My dd11 has struggled with refusing to go to school since around year 4, it has always been an effort to get her up and out of the house in the morning. I thought perhaps when she started senior school things would get better as it was a new school and a chance for her to have a fresh start but if anything things have got worse.
She hasn't been into school for the last 2 weeks. We had a meeting with the school last week where she told them that she doesn't know what the problem is but she gets really anxious and just can do it. It seems to be more about going into school in the morning than the she didn't find lessons particularly stressful and if she did get anxious she would just distract herself by getting on with her work.
I have been in regular contact with the school and they have sent me a wedge of work to be getting on with at home and we have ordered books online for her to work from. Thankfully my mum is retired and has been able to step in to help me with her and ensure she is getting work done.

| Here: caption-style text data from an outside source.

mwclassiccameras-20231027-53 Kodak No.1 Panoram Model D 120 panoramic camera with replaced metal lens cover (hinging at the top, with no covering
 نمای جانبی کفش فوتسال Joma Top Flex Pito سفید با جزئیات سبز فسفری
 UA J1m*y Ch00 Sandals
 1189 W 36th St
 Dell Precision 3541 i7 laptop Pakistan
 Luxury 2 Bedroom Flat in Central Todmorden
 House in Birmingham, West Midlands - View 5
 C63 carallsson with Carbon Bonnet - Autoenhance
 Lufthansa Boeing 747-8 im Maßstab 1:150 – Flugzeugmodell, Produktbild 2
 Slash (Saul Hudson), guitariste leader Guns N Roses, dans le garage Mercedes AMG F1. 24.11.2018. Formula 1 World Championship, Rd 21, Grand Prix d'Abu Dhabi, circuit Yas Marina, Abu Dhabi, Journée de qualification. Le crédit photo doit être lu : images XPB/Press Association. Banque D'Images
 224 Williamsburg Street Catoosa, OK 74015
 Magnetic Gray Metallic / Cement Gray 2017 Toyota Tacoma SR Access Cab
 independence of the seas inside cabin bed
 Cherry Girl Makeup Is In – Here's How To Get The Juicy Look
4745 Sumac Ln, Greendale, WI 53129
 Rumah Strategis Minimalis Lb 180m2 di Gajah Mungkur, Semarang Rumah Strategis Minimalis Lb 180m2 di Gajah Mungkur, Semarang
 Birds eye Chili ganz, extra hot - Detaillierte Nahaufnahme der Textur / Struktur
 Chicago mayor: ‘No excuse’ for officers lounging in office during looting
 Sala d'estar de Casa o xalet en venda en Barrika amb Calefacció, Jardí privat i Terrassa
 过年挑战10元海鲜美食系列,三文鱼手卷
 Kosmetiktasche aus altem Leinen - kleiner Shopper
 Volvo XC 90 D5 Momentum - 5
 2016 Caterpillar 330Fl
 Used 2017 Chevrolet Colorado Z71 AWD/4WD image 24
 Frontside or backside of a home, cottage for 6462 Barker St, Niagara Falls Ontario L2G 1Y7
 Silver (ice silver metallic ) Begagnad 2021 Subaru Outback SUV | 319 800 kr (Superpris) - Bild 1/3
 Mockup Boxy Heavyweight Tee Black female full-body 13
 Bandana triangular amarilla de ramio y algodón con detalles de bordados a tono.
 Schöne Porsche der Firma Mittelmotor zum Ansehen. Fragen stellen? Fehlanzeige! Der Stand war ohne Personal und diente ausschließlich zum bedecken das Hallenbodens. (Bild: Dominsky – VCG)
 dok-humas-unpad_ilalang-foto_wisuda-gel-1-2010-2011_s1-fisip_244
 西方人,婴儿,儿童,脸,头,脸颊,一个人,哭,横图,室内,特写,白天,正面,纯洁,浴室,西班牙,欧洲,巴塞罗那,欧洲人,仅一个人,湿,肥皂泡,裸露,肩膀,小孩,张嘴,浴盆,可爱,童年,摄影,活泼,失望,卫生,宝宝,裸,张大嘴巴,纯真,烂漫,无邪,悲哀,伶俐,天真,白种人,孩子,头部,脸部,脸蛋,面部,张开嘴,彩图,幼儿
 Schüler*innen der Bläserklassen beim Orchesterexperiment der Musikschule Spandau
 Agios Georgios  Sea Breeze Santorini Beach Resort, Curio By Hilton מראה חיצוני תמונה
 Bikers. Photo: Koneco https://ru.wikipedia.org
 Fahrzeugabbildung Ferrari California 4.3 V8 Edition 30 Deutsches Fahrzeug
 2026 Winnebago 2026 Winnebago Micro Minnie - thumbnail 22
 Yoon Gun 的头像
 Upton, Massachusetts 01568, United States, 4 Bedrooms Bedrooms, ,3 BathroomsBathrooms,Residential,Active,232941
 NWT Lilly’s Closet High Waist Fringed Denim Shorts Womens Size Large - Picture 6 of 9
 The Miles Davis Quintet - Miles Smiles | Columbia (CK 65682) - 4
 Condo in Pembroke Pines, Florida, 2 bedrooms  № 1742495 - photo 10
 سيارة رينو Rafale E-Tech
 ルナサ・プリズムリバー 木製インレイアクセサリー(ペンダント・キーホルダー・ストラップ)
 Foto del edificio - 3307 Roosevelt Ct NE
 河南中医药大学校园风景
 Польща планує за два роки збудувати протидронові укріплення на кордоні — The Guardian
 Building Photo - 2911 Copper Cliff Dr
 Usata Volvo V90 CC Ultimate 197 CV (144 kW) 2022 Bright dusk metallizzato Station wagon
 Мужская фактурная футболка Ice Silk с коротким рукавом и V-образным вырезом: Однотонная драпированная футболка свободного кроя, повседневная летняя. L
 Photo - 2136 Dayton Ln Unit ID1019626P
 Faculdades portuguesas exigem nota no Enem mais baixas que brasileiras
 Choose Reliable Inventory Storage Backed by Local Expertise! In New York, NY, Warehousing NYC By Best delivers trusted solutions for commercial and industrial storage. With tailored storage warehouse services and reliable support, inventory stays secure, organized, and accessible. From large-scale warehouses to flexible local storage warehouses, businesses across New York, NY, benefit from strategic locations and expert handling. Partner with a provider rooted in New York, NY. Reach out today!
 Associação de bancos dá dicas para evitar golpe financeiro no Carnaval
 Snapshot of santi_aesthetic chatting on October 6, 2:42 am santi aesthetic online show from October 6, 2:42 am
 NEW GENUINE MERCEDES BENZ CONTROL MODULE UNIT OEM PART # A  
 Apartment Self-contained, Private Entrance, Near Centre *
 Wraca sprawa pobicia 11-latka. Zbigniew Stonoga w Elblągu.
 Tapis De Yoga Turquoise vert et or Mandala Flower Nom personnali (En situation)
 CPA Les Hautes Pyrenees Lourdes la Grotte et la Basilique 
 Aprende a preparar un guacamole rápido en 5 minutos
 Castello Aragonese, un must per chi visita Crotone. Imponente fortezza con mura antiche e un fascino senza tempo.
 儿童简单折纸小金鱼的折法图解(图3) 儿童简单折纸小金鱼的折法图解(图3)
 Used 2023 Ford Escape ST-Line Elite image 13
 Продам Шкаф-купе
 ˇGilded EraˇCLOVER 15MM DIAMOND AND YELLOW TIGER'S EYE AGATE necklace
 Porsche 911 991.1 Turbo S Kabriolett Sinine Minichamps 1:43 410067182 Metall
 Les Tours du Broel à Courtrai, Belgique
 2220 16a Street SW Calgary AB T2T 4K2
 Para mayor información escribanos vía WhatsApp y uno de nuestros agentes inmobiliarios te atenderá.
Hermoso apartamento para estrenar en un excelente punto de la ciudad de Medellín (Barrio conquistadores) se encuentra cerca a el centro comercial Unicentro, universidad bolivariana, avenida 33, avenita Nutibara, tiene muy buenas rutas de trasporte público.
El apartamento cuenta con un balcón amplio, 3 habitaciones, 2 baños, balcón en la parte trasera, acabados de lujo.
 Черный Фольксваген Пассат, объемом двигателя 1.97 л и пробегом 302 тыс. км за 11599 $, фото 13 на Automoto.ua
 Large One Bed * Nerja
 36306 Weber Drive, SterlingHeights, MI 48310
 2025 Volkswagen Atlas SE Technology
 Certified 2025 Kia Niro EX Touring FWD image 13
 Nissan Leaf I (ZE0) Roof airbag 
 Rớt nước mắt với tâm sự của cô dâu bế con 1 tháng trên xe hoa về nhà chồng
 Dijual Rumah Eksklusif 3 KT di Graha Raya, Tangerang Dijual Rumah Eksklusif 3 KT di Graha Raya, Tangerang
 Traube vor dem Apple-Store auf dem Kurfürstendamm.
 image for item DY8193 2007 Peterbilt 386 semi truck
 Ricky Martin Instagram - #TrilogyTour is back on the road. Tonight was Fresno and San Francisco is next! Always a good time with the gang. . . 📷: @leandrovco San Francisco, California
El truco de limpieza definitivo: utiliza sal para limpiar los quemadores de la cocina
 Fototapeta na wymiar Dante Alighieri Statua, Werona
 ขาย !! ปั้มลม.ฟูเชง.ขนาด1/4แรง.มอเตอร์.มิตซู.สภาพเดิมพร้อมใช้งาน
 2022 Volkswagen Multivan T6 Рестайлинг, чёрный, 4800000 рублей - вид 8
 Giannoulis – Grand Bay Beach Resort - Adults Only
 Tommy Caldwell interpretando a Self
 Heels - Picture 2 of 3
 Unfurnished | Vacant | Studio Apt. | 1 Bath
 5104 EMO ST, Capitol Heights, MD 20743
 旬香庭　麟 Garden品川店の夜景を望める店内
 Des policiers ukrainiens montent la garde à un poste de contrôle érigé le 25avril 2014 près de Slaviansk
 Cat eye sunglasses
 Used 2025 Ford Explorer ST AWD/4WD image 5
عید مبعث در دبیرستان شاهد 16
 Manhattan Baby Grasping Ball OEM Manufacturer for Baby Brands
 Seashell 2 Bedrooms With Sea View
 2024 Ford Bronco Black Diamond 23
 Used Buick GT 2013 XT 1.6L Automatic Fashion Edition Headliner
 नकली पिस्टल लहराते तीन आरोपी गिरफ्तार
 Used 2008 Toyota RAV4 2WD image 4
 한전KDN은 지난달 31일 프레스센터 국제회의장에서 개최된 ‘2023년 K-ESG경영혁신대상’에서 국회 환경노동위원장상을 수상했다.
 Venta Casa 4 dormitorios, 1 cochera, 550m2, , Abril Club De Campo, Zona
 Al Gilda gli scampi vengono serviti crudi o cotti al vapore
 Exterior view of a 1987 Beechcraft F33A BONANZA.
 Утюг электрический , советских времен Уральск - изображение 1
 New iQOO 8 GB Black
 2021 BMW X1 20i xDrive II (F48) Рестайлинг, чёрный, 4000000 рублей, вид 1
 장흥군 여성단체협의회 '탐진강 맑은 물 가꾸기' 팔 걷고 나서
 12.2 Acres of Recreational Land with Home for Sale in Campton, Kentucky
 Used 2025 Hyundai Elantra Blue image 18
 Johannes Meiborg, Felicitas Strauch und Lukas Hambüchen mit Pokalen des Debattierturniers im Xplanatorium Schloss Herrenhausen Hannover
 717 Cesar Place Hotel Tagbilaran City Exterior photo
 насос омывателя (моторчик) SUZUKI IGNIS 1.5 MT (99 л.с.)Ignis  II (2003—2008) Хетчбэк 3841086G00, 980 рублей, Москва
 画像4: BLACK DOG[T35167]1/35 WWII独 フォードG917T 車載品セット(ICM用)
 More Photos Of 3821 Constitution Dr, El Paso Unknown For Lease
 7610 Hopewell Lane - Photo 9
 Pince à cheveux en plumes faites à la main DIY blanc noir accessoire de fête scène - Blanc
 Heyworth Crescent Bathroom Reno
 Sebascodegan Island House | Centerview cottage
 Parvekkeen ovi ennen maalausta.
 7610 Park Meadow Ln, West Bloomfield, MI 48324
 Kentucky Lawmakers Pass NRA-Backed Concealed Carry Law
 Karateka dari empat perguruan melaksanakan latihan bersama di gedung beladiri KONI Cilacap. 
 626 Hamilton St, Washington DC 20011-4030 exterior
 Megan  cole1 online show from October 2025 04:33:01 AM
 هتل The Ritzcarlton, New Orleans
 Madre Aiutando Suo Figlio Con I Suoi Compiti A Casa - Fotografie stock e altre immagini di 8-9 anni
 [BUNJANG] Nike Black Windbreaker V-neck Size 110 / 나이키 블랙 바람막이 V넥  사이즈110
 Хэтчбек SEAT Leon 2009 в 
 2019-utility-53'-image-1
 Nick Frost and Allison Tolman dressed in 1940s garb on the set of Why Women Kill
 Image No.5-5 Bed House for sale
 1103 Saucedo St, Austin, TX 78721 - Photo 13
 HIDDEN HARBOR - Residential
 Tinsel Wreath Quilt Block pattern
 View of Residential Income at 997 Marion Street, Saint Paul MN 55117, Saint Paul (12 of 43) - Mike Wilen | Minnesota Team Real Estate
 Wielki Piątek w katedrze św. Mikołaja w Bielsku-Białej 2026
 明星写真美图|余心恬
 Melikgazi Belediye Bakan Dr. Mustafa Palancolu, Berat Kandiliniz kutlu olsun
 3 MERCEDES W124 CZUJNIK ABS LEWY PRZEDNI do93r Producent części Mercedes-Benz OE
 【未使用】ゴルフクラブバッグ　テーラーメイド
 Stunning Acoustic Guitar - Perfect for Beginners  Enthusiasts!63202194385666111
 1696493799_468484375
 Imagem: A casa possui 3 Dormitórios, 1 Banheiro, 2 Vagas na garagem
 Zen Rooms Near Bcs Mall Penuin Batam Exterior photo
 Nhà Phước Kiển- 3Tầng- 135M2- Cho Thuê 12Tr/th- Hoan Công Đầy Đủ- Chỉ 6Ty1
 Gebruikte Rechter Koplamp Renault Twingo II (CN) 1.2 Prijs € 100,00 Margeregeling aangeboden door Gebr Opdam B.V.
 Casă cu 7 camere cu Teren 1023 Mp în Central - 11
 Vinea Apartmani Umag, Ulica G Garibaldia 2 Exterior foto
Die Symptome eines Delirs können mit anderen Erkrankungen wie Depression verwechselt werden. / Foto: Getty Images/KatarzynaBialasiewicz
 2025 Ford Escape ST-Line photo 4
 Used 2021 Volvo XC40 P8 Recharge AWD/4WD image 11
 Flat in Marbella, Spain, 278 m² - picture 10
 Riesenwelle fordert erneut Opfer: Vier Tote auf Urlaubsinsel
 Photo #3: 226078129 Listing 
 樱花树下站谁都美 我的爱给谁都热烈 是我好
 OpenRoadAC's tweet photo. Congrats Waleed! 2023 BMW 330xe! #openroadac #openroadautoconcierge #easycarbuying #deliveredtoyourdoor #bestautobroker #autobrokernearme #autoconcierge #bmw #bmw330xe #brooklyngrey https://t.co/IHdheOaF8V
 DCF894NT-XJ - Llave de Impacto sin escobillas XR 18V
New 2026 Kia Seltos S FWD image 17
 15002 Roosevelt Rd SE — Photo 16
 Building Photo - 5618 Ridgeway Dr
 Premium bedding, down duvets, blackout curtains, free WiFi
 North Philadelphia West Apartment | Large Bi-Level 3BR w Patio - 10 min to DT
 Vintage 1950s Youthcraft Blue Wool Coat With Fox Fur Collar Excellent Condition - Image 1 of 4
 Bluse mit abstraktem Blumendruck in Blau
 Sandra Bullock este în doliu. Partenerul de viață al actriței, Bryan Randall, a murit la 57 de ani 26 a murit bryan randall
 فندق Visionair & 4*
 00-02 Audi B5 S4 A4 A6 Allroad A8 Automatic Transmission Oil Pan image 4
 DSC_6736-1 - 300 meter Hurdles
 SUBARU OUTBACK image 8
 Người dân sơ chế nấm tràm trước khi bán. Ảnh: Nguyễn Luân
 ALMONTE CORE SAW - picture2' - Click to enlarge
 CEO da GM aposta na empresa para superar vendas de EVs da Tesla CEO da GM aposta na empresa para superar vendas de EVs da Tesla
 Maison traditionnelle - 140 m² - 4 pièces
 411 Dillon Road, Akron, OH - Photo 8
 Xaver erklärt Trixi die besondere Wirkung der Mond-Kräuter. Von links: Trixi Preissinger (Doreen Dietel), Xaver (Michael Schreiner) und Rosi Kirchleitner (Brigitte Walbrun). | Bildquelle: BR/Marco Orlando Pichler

We have removed access to any technology unless it is to complete school work. Her phone is her prize possession and for her to so willingly hand it over when she is begging me to not make her go to school makes me think perhaps there is more to this than just being difficult.
We were previously referred to the school nurse when she was in primary school, then to a paediatrician and finally to a clinical psychologist. They said she had "Mild" anxiety and poo poo'd most of her problems. The Psychologist clearly thought I was the problem rather than my daughter and her suggestions we use sticker charts and spending quality time together/building up our fractured relationship. This was at a time where she was beating me up on a daily basis and subjecting me to a barrage of verbal abuse. I was covered in bruises and completely drained mentally.
I have managed to work past that behaviour and seem to be able to control/stop her in her tracks when she starts to lean in that direction. I think she is also starting to build on her own recognition of her behaviour and needs and can tell you if she is hungry/tired which is easily rectified.
Whilst we were seeing the psychologist dd was also not sleeping at all...….she would go to bed at 7.30/8 and still be awake at 1am. I asked the psychologist to refer us back to the paed to prescribe us melatonin but she didn't want to......so I spoke to a friend who ASD ds is on it and she advised me where to buy it online from a reputable pharmacy. The melatonin means she gets up to 11/12 hours of sleep a night and she is like a different child since we have been giving it to her. The rest of the house/neighbours aren't kept up all night with her screaming because she couldn't sleep.

I really don't know how best to deal with the school refusal.....a lot of this started when we lost my grandparents within a few months of one another. I has been going on for so long that it's hard to remember what was going on at the time to trigger it. I think there could be some element of separation anxiety but I am also wondering if there is something else going on. I think there are some sensory issues.

Sorry this is really long but I am at my witts end trying to figure this all out. I am a single mum, I have another child who is being ignored whilst this all plays out. I am worried about my job because she is always making me late. I get over looked for projects and progression because I am seen as unreliable. Its just very stressful.